Spero di aver postato nel posto giusto, grazie  :Wink: 

Edit gutter: Hai postato nel posto giusto  :Wink:  Mi sono permesso di aggiungere i bbcode nel post in modo da risultare più leggibile.

----------

## mcollins77

Grazie per l'edit, attendo risposte

----------

## Cazzantonio

puoi postare il contenuto della dir /boot ? (dopo averla montata  :Wink:  )

----------

## mcollins77

Ho risolto anche io il mio problema con grub.

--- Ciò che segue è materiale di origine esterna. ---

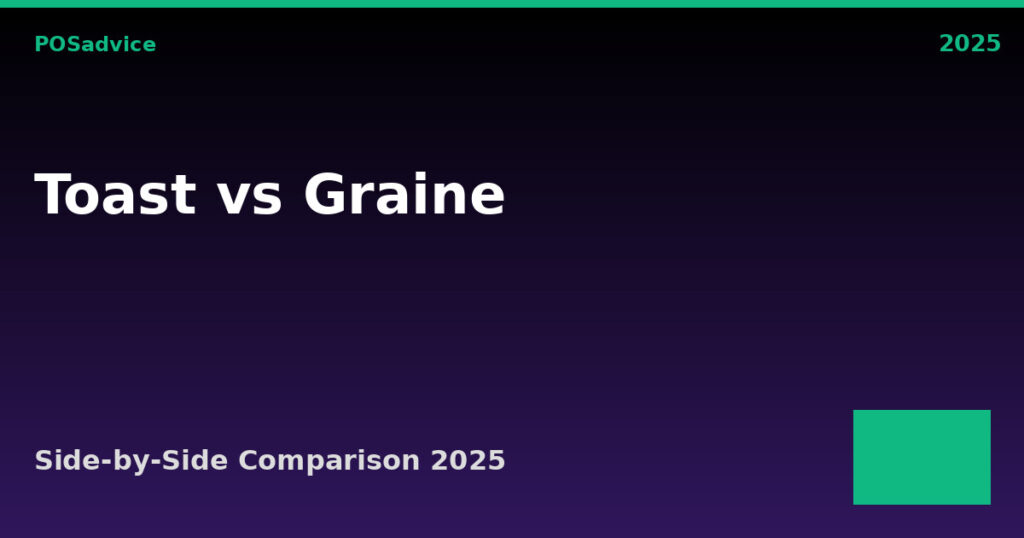 Toast vs Graine POS: Which POS Is Better? (2025)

In compenso ho un altro problema coi superblock, cercherò qualche 3ad che ne parli qui.

grazie a tutti voi per la collaborazione  :Smile: 

----------

## Realnot

Salve, ho anche io un problema al boot con grub, dopo aver finito l'installazione ed aver eseguito il reboot del sistema, mi appare questo messaggio:

BOOTING 'GENTOO LINUX 2.6.20-r8

ROOT (HD0,1)

Filesystem type is ext2fs partition type 0x83

kernell /boot/kernel-genkernel-amd64--1.6.20-gentoo-r8 root=/dev/ram0 init=/linuxrc

ERROR 15: file not found

tabella partizioni:

--------------------------------

hda1  windows      ""               300gb

hda2  ext2            "linux boot" 100mb

hda3  linux swap   "swap"        500mb

hda4  ex3             "linux"        100gb

--------------------------------

successivamento premo C e avvio da windows, ed eccomi qui da voi... se ho capito bene è un errore del kernel, quindi devo ricompilare il kernel con genkernel e risettare di nuovo grub?

ps: se premo C nella schermata di selezione dell'OS entro nel cmd di grub, però ho lo schermo grigio con le righe bianche e non si vede molto bene...

coma faccio nella mia posizione a modificare di nuovo il file grub.conf?

Grazie in anticipo per il supporto

Tanti saluti

Realnot

----------